Les chefs d’Etat et de gouvernement de la Communauté Economique des Etats d’Afrique de l’Ouest (CEDEAO) doivent tenir, de leur côté, un sommet samedi prochain à Abuja, au Niger, pour étudier les moyens de faire pression sur la junte militaire. A l’issue d’une réunion du Groupe international de contact sur la Guinée (GIC-G), lundi 12 octobre, la CEDEAO avait clairement dénoncé « les tueries brutales » du 28 septembre, réclamant le retrait du CNDD de Dadis Camara et l’ouverture d’une enquête internationale. L’organisation a également demandé la mise en place d’une autorité de transition pour préparer les élections de janvier prochain.
L’Union européenne parle de « crime contre l’humanité »
L’Union européenne réclame de son côté des poursuites judiciaires contre Dadis Camara. Pour crime contre l’humanité. « Quand il y a des crimes contre l’humanité, il faut que ces crimes soient jugés (..) s’il y a une justice criminelle internationale, elle doit aussi être universelle, c’est une question de crédibilité !», a chargé le Commissaire au développement de l’Union européenne, Karel de Gucht, mercredi, depuis Addis Abeba.
Même son de cloche à Washington, où l’on réclame le départ du capitaine Dadis Camara et l’ouverture d’une enquête internationale. «Nous faisons pression pour qu’apparaisse une meilleure gouvernance, pour que la corruption soit traitée. C’est aujourd’hui notre objectif principal en Guinée », a déclaré un porte-parole du département d’État.
La CPI lance un «examen préliminaire »
Le bureau du procureur de la Cour pénale internationale a indiqué jeudi qu’un « examen préliminaire » de la situation en Guinée était en cours pour déterminer si des crimes relevant de la compétence de la CPI ont été perpétrés.

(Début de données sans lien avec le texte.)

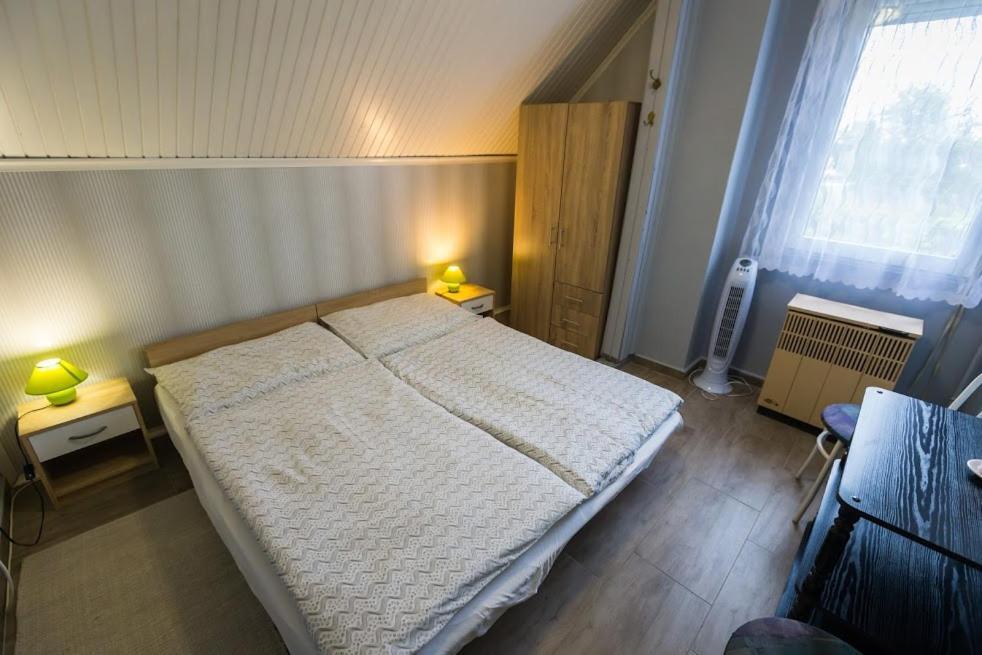 Joli Guesthouse Ordacsehi Eksteriør bilde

Le conseiller du capitaine Camara, Chérif Idriss, a rejeté, dans une intervention sur France 24 jeudi, l’accusation de « crime contre l’humanité », estimant qu’« il faut laisser faire l’enquête et établir les faits avant de condamner les gens ». Des déclarations américaines, le conseiller du chef de la junte s’est dit « indigné », estiment qu’elles risquent de faire « basculer l’unité nationale ». Dadis Camara, qui a toujours nié avoir donné l’ordre aux soldats de tirer lors de la manifestation au stade de Conakry, avait appelé à une « commission d’enquête internationale en rapport avec l’ONU » au lendemain du massacre.

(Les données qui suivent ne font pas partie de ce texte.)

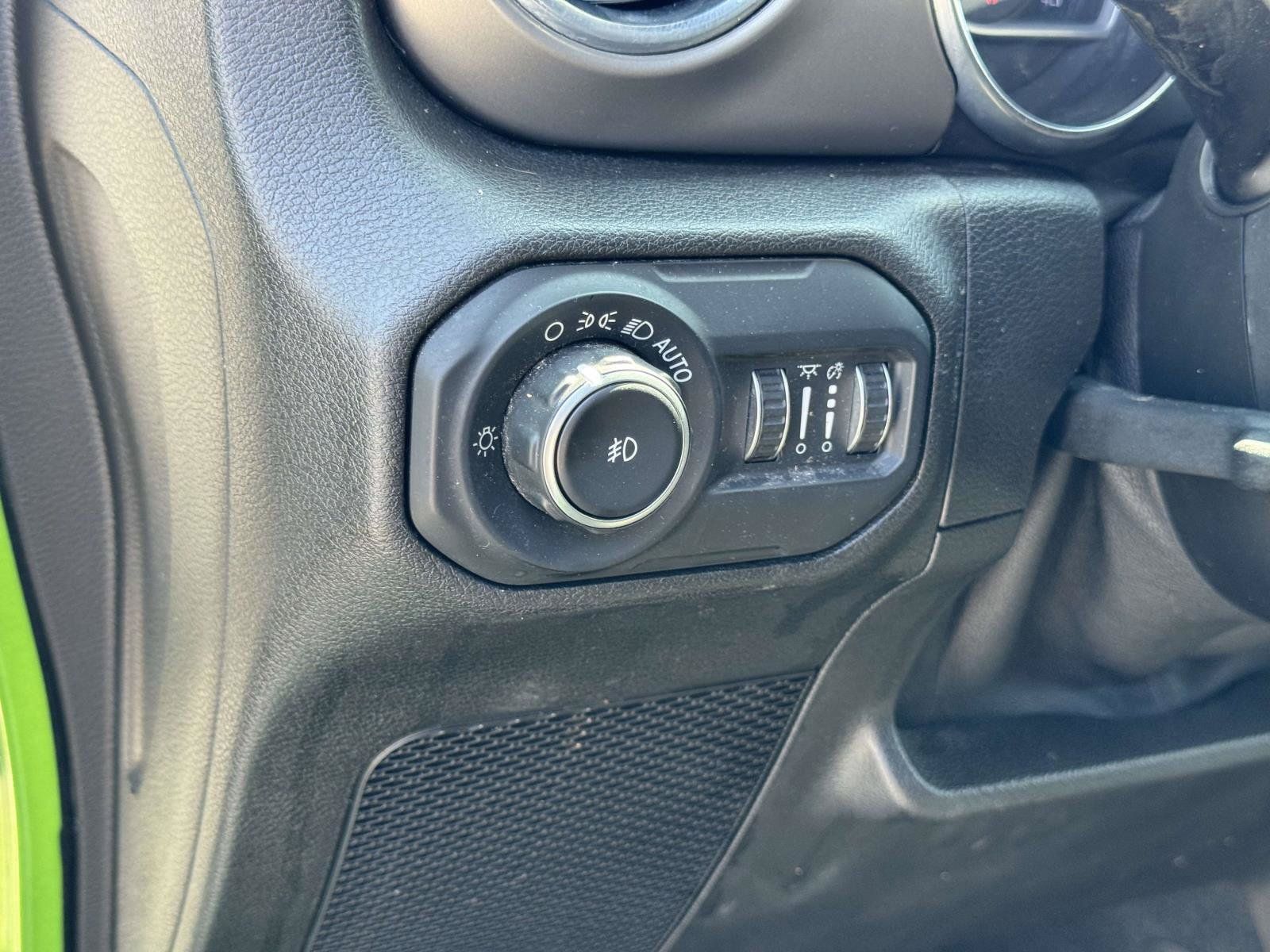 Used 2019 Jeep Wrangler Unlimited Rubicon w/ Cold Weather Group AWD/4WD image 9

L’attitude de la chine, qui n’a pas jugé bon de se joindre à ce concert de réprobation internationale contre Dadis Camara, suscite des critiques. Accusée de voler au secours de la junte militaire à coups d’investissements faramineux, Pékin a défendu jeudi sa coopération avec la Guinée. « Notre coopération est basée sur l’égalité et le bénéfice mutuel. Elle est en accord avec les normes internationales et les intérêts fondamentaux des deux peuples », a déclaré un porte-parole du ministère chinois des Affaires étrangères. Selon Le Figaro, la China International Fund (CIF), alliée au pétrolier public angolais Sonangol, s’apprête à investir 7 à 9 milliards de dollars dans des projets miniers, pétroliers et d’infrastructure en Guinée au cours des 5 prochaines années. Le protocole d’accord a été signé le 9 octobre, 11 jours après la répression sanglante de Conakry.